(PROBLEM DESCRIPTION): Output the lines of the listing below exactly, starting at the line containing "The main customers" and stopping after the last line, with any pictures dropped.

(DATA SEGMENT):
____

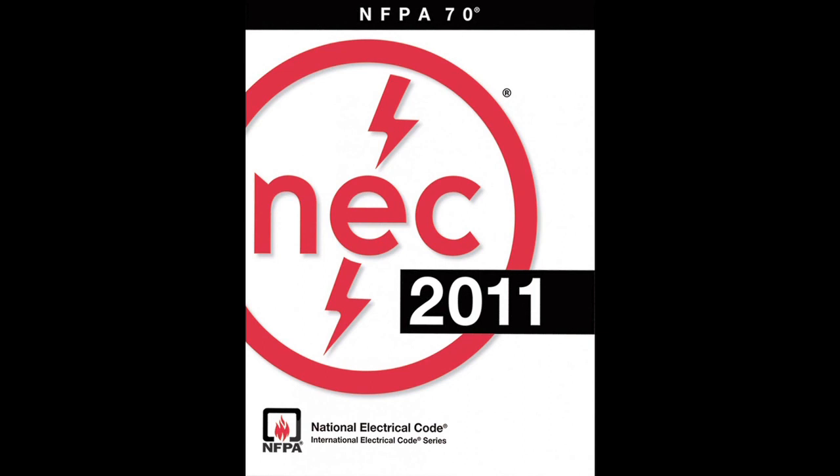The code only really provides about 50% of the answers. The other 50% have to come from the AHJ, and that's what our job is.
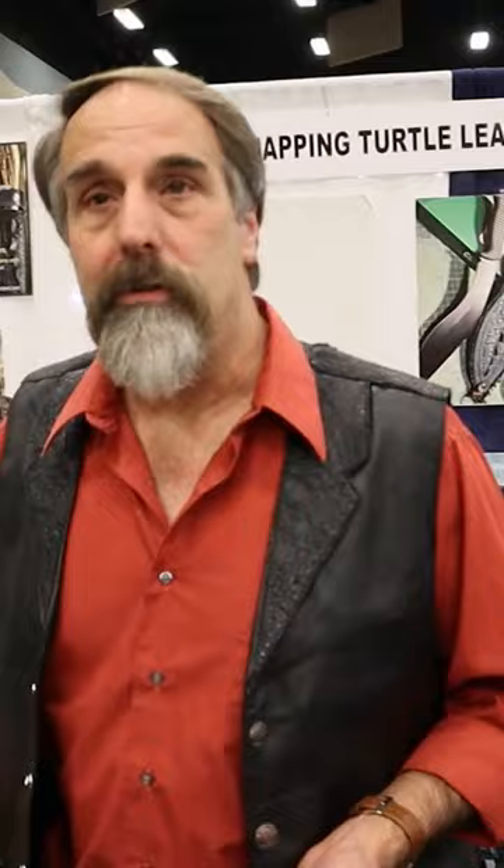The main customers are the bootmakers. The big thing is matching left to right. I can only match maybe 30% of my tails left to right.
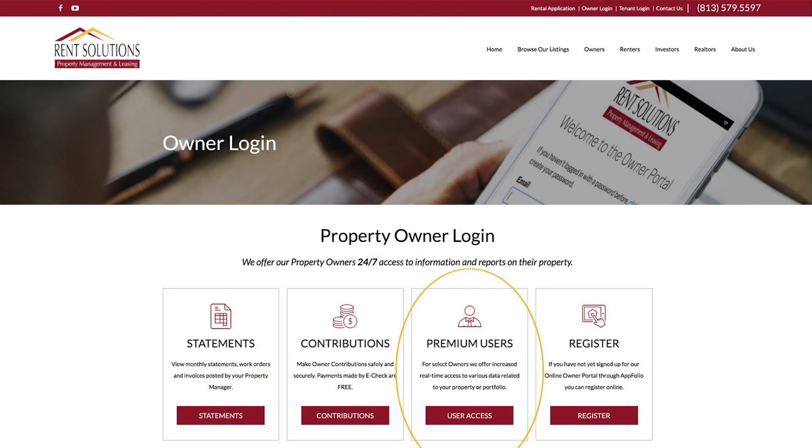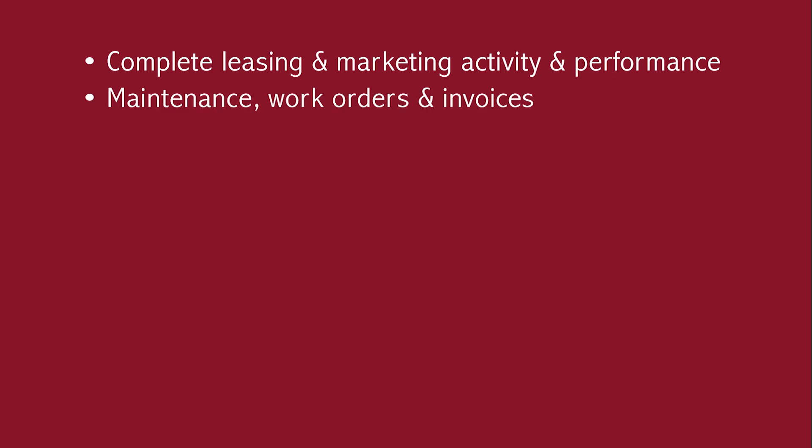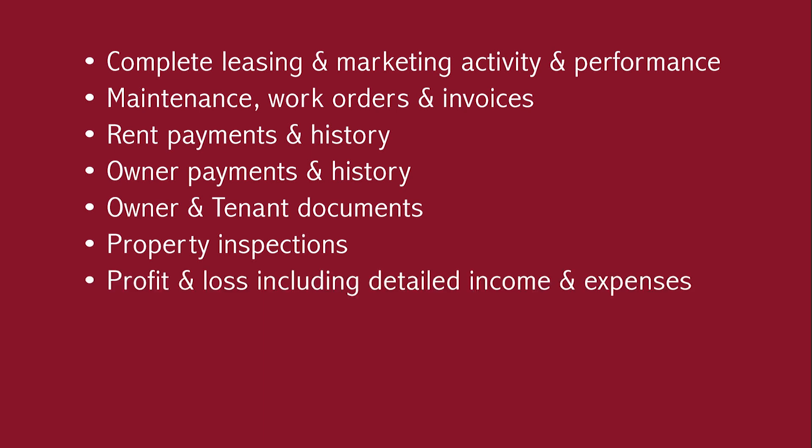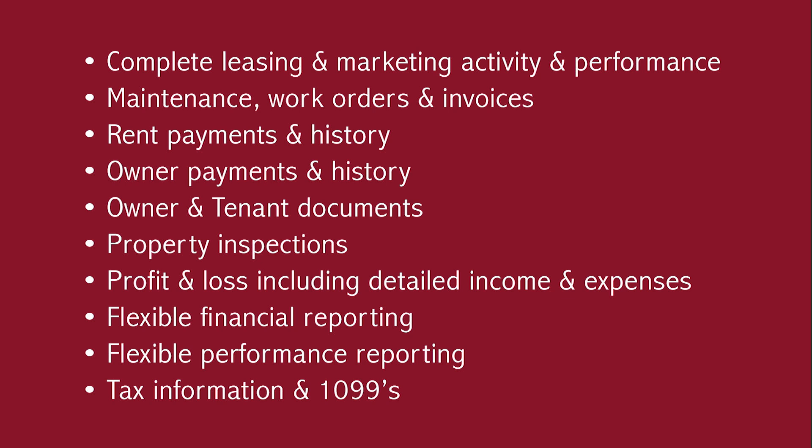As part of managing your portfolio, we set you up with an enhanced owner portal with additional features and reporting specifically designed to provide you with comprehensive information on all of your properties. This means wherever you are in the world, you get 24/7 access to complete leasing and marketing activity and performance, maintenance, work orders and invoices, rent payments and histories, owner payments and history, owner and tenant documents, property inspections, profit and loss including detailed income and expenses, flexible financial reporting, flexible performance reporting, tax information and 1099s. We can even provide custom reports, information, or solutions to your specific needs.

____

(OUTPUT FOR THIS TASK):
The main customers are the bootmakers. The big thing is matching left to right. I can only match maybe 30% of my tails left to right.
As part of managing your portfolio, we set you up with an enhanced owner portal with additional features and reporting specifically designed to provide you with comprehensive information on all of your properties. This means wherever you are in the world, you get 24/7 access to complete leasing and marketing activity and performance, maintenance, work orders and invoices, rent payments and histories, owner payments and history, owner and tenant documents, property inspections, profit and loss including detailed income and expenses, flexible financial reporting, flexible performance reporting, tax information and 1099s. We can even provide custom reports, information, or solutions to your specific needs.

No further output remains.